The absence of mobile hydrocarbons in the Dunquin North well may have been negatively received by the stock market but all is not lost, according to Providence Resources chief executive Tony O’Reilly (pictured).
Yes, Providence may have fallen the most in over a year in Dublin trading as it sketched out plans to abandon the Dunquin North exploration well earlier this summer, plunging 10 per cent on the Irish Stock Exchange and as much as 11 per cent in London trading.
However, O’Reilly yesterday said the company believed the evidence for oil generation and entrapment in the southern Porcupine Basin may well provide much greater sustainable value for shareholders in the longer term.

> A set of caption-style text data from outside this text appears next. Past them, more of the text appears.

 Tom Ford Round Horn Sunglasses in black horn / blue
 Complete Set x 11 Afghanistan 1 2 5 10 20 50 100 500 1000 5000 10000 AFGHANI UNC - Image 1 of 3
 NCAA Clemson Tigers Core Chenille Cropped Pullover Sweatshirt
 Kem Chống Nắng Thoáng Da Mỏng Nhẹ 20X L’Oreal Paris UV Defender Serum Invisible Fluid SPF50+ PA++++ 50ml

“It is also important to remember that this well, being the first in the basin, was always a high-risk exploratory venture.

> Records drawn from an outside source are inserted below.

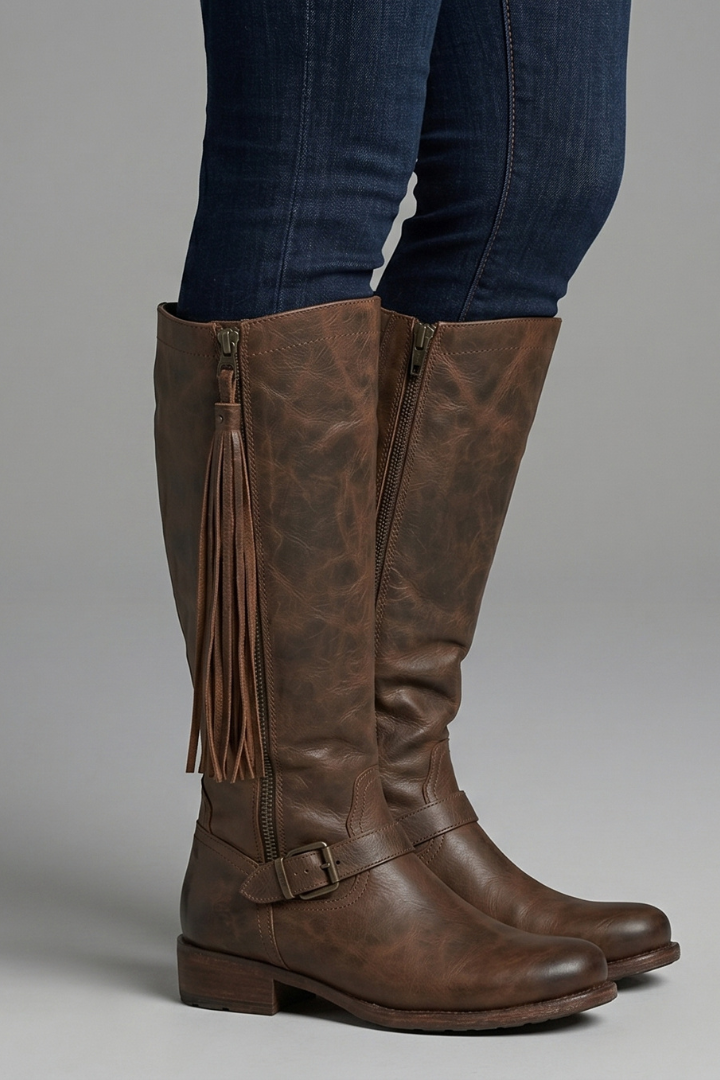 Bottes western à franges et zip latéral — Amielle Paris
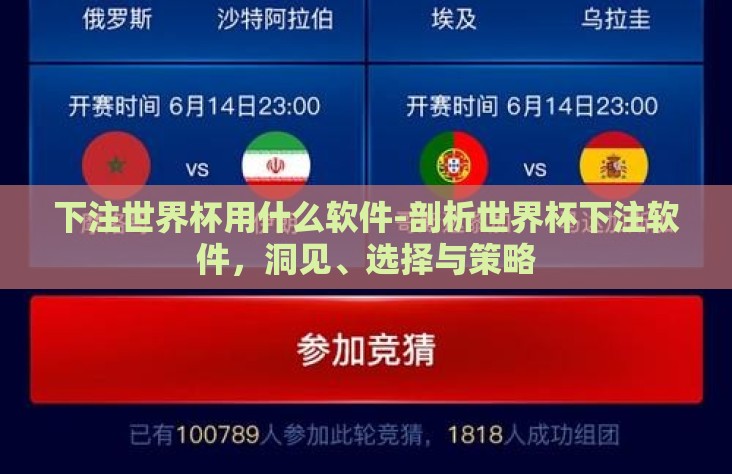 下注世界杯用什么软件-剖析世界杯下注软件,洞见、选择与策略 下注世界杯用什么软件-剖析世界杯下注软件,洞见、选择与策略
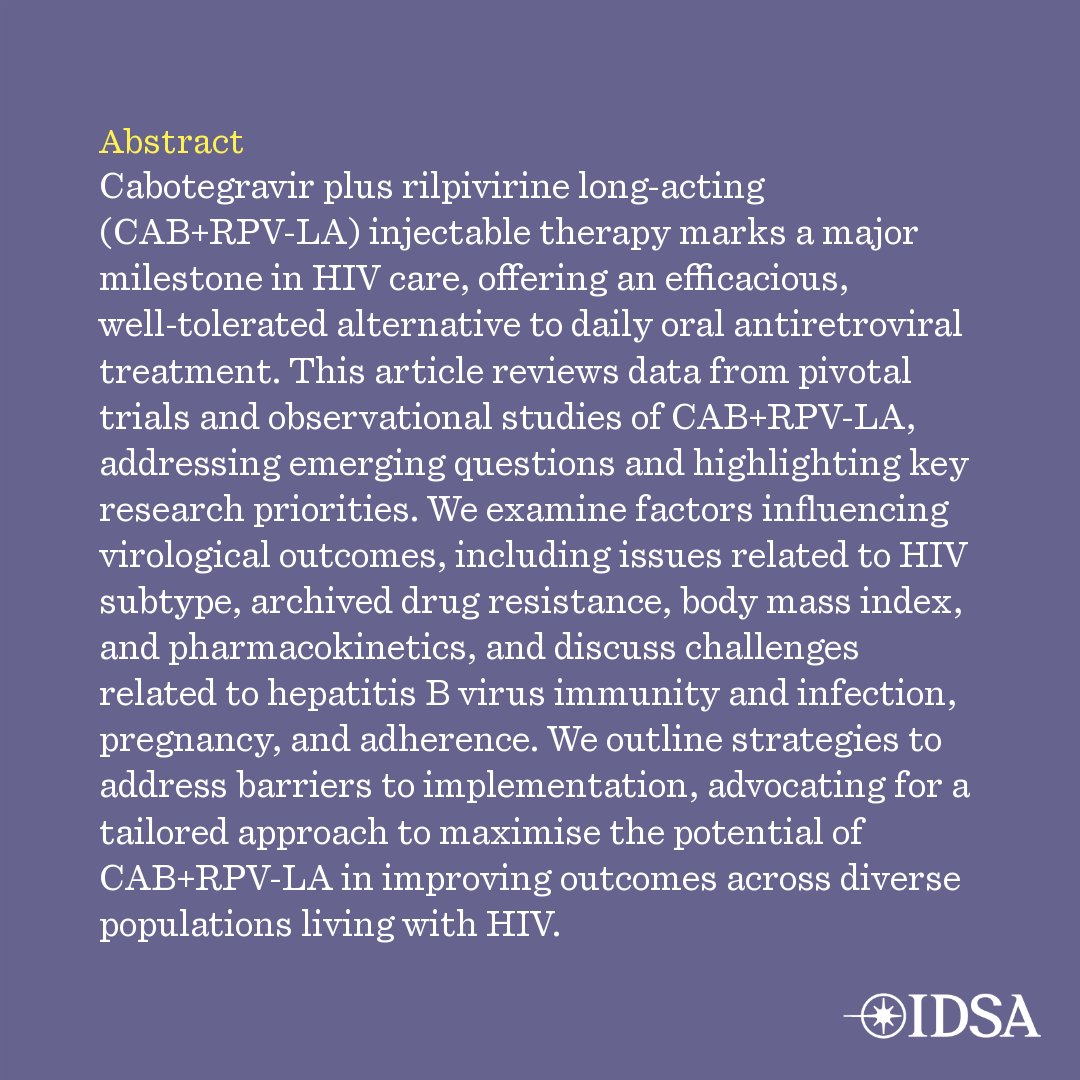 Optimising the Use of Cabotegravir Plus Rilpivirine Long-Acting Therapy in HIV Care: Evidence, Implementation, and Unanswered Questions

✅ Just Accepted
🔗 bit.ly/4eFpX31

The fact that we were able to confirm the presence of a new working petroleum system is very encouraging and which has, without doubt, caught the attention of the international E&P sector,” he said.
Providence clearly hasn’t given up.
That said, the exploration company has an interest in maintaining an international focus on the area that had been termed the North Atlantic source rock superhighway.
After all, it said it was the “largest acreage holder in the southern Porcupine Basin”.
The company said yesterday an
application had been made to extend the second phase of the Dunquin frontier exploration licence by 12 months to next November.